Lady Morgan's Italy: Anglo-Irish Sensibilities And Italian Realities In Post Restoration Italy
Donatella Abbate Badin
Lady Morgan’s Italy: Anglo-Irish Sensibilities And Italian Realities In Post Restoration Italy
Donatella Abbate Badin
An Irish actor’s daughter, Sydney Owenson by dint of great charm and intelligence (as well as literary talent) not only became the wife of Sir Charles Morgan but a popular novelist and social critic in Regency and Early Victorian England. With her friends Byron and Shelley she shared a great love and interest in Italy. Her guide to Italy (ITALY, 1822) was a landmark of political empathy and understanding for a post Napoleonic Italy in the throes of repression. Persecution and obscurantist rule whether by Hapsburg, Papal or Bourbon auspices was described in depth. Her guide was wildly successful and used by generations of Anglophone visitors and pilgrims.
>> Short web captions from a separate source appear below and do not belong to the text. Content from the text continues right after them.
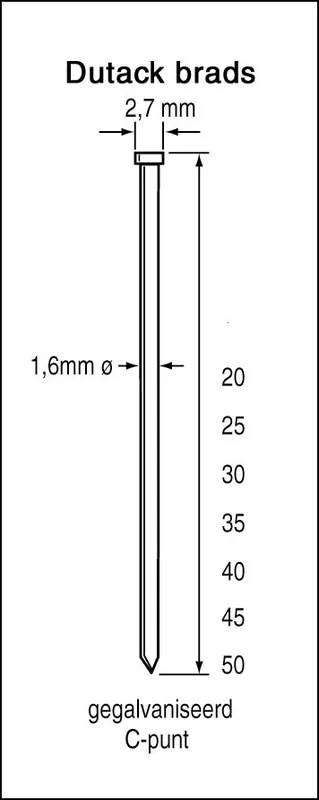BRAD SKN16 CNK 40 MM DOOS 2,50MILLE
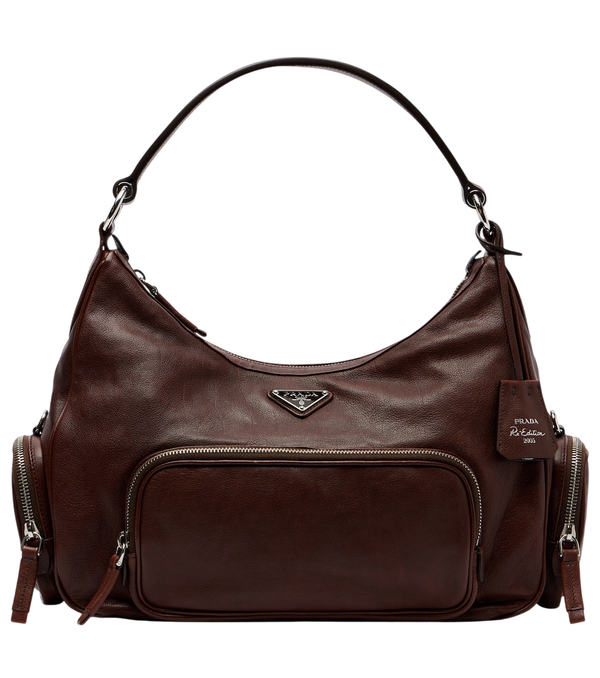 Prada Medium leather shoulder bag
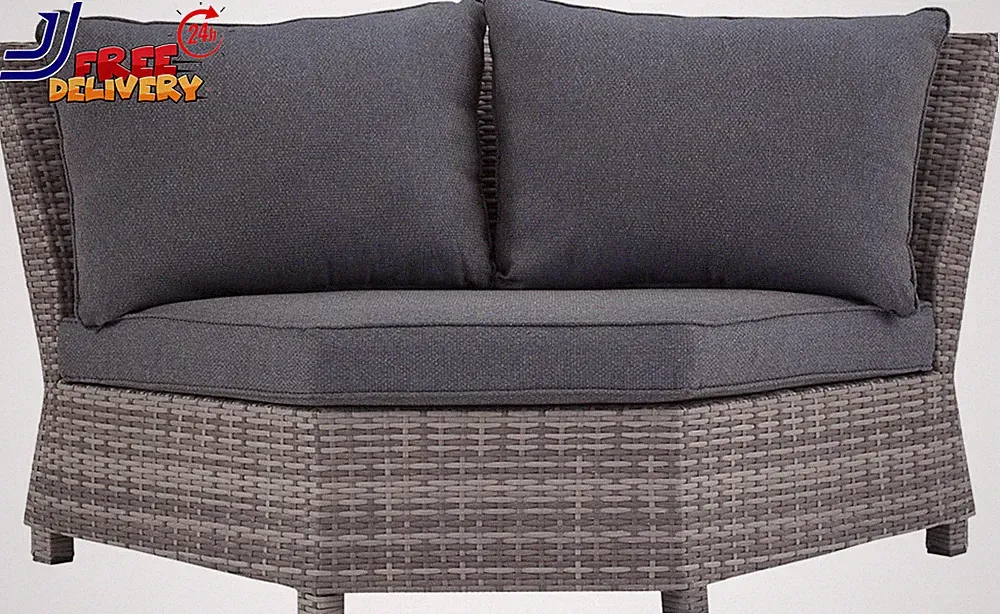 Signature Design by Ashley Salem Beach Outdoor Corner Seat Gray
Professor Badin discusses the importance of Morgan’s fiction and belletrism in developing empathy and interest in Italy’s sufferings and woes. She investigates Morgan’s Low Church Evangelistic pieties and her dislike of Papal power, privilege and practice. Comparisons both direct and indirect with Ireland and the Irish are discussed at length as are Morgan’s acute class sensibilities and prejudices as well as her Irish patriotism. Morgan’s role in the emergence of Italian Romanticism and her textual strategies in creating polyphonic texts (codes, illusions, refutations) are described at length.